Kafama esas olarak takılan, en ücra köşelerden, ara sokaklardan, trafiğe hiçbir zararı olmayan yerlerden bütün gün araba çekip, sonra da hem çekici parası hem park parası alıp bir de üzerine ceza kesen trafik polisleri ve Trafik Vakfı nerede? Neden yol ortasına bırakılan araçlara dokunmuyorlar? Trafik bile artık bu ülkede gelir kaynağı olmuş!  Ve maalesef bunu ‘Trafik Vakfı’ diye kurulan ve polisin himayesindeki bir kuruluş yapıyor. Maksat trafiği düzenlemek değil, vatandaşı yolup para toplamak!

*  *  *

TBMM’ye sunulan 2018 yılı bütçe hesaplarına göre, gelecek yıl ceza gelirlerinde rekor artış olacağı öngörülmüş. 2017 yılı sonunda 9.1 milyar liralık ceza geliri elde etmeyi planlayan maliye, 2018’de ise bu rakamı 12 milyar 81 milyon liraya çıkarmayı hedefliyormuş. Nasıl hedef ama… Helal olsun!
Bütçeyi tutturmak için bol bol trafik suçu lazım! Ben de “Araba kullanmayı bilmeyen bunca insan nasıl ehliyet alabiliyor?” diyordum.
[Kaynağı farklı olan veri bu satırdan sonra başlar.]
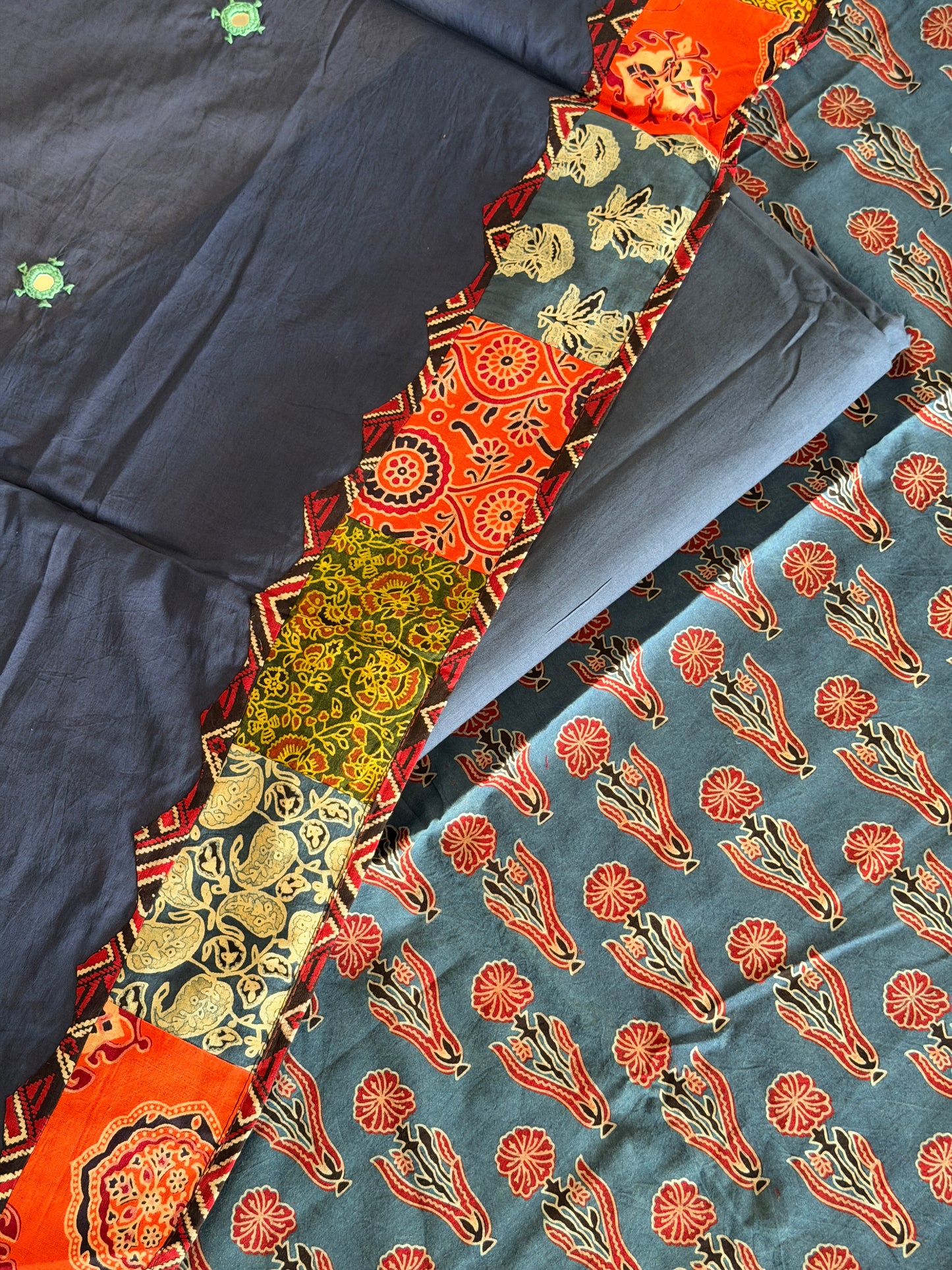Ajrakh Suit Set with Appliqué Patchwork Dupatta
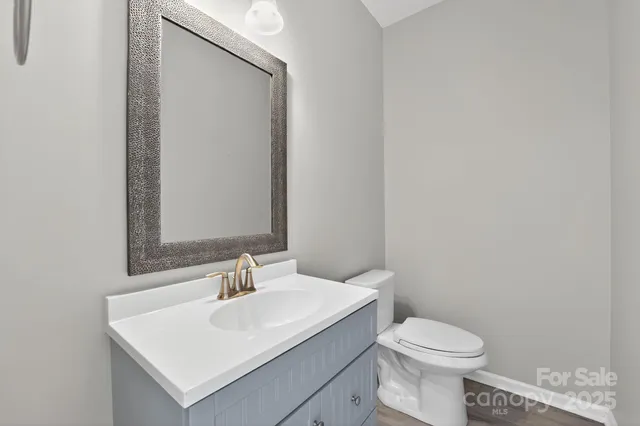 a bathroom with a sink a toilet and mirror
Meğer ceza kese kese öğretiriz hem de bütçeye fayda sağlarız diye herkese dağıtıyorlarmış!

Hülya Avşar gibi!


Eskiden Hülya Avşar yapardı... Öyle abuk sabuk bir şey söylerdi ki günlerce herkes onu konuşurdu. Manşetlerden düşmezdi...
Aynen onun gibi; bazıları da “Öyle bir şey söyleyeyim ki; herkes hayret etsin. Dikkatleri üzerime çekeyim, belki daha iyi bir yere gelirim” diyor. Sonra da salla gitsin... Kulaktan dolma iki üç şeyi birleştirip, abuk sabuk bir beyanat!

konu2

“Yabancı bir kadının elini tutmak ateşi avuçlamaktan daha korkunçtur.” Söylediğine inansa bari!
İşin komiği verdiği beyanatın hemen ardından bir düğünde kadınlarla el ele halay çekerken görüntüleri yayınlanıyor. Bunu bir üniversite rektörü, hem de adının başında profesör, doktor olan biri yapıyor! Peki, inanmadığı, uygulamadığı bir şeyi neden öyleymiş gibi millete yutturmaya çalışıyor? Çünkü ancak böyle yükselebiliyorlar da ondan!